SAN FRANCISCO – The 9th Circuit Court of Appeals in Pasadena has overturned a previous court ruling preventing an Arizona ski resort from expanding and making fake snow from treated sewage on a mountain that 13 Native nations hold sacred.
It ruled instead in favor of the U.S. Forest Service and the Arizona Snowbowl Resort, which had challenged the previous court ruling regarding the San Francisco Peaks. The case was reheard last December at the Pasadena Court of Appeals, a little more than five hours south of San Francisco.
In an 8 – 3 decision issued Aug. 8, the court overturned the previous ruling and temporarily denied attempts by tribes and environmental groups to stop the ski resort’s plans to expand development on the mountain. It said the tribes had failed to establish a violation of the Religious Freedom Restoration Act “because the presence of recycled wastewater on the ski area would not coerce the tribes to act contrary to their religious beliefs.”
The “decision not only places these ways of life in peril, but sets the stage for an ecological and public health catastrophe,” said Jeneda Benally, member of the Save the Peaks Coalition, in a release.

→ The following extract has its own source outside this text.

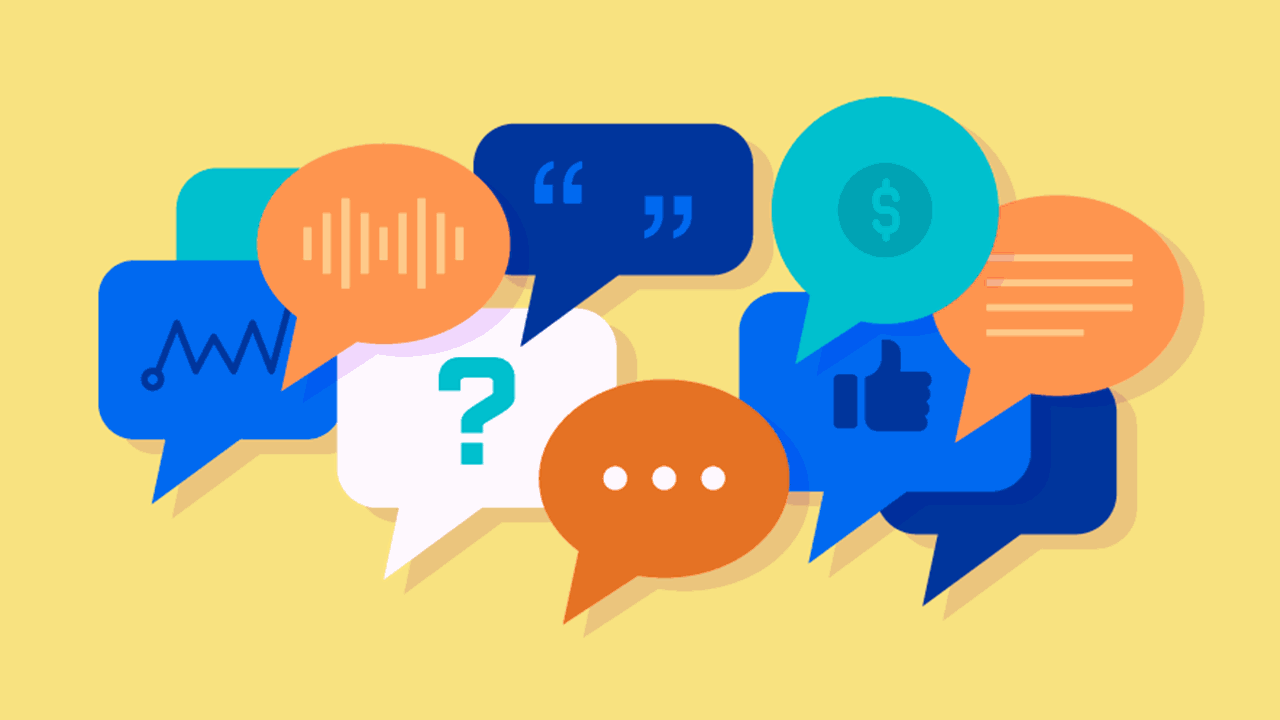 Illustration of a cluster of colorful speech bubbles about aspects of business operations, including money, questions, stock price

The U.S. Forest Service manages the San Francisco Peaks as public land and has faced multiple lawsuits since it approved the site for development in 2005 from the Navajo Nation and the Hopi, White Mountain Apache, Yavapai Apache, Hualapai and Havasupai tribes, and such environmental groups as Sierra Club, Flagstaff Activist Network and Center of Biological Diversity, the release stated.
Tribes had argued religious rights under the RFRA. But in the court’s recent ruling, eight of 11 justices found that using reclaimed sewer water to make snow on the sacred site posed no “substantial burden” on the plaintiffs’ exercise of religion.
The “only effect of the proposed upgrades is on the plaintiffs’ subjective, emotional religious experience. That is, the presence of recycled wastewater on the Peaks is offensive to the plaintiffs’ religious sensibilities … the diminishment of spiritual fulfillment – serious though it may be – is not a ‘substantial burden’ on the free exercise of religion,” the justices said.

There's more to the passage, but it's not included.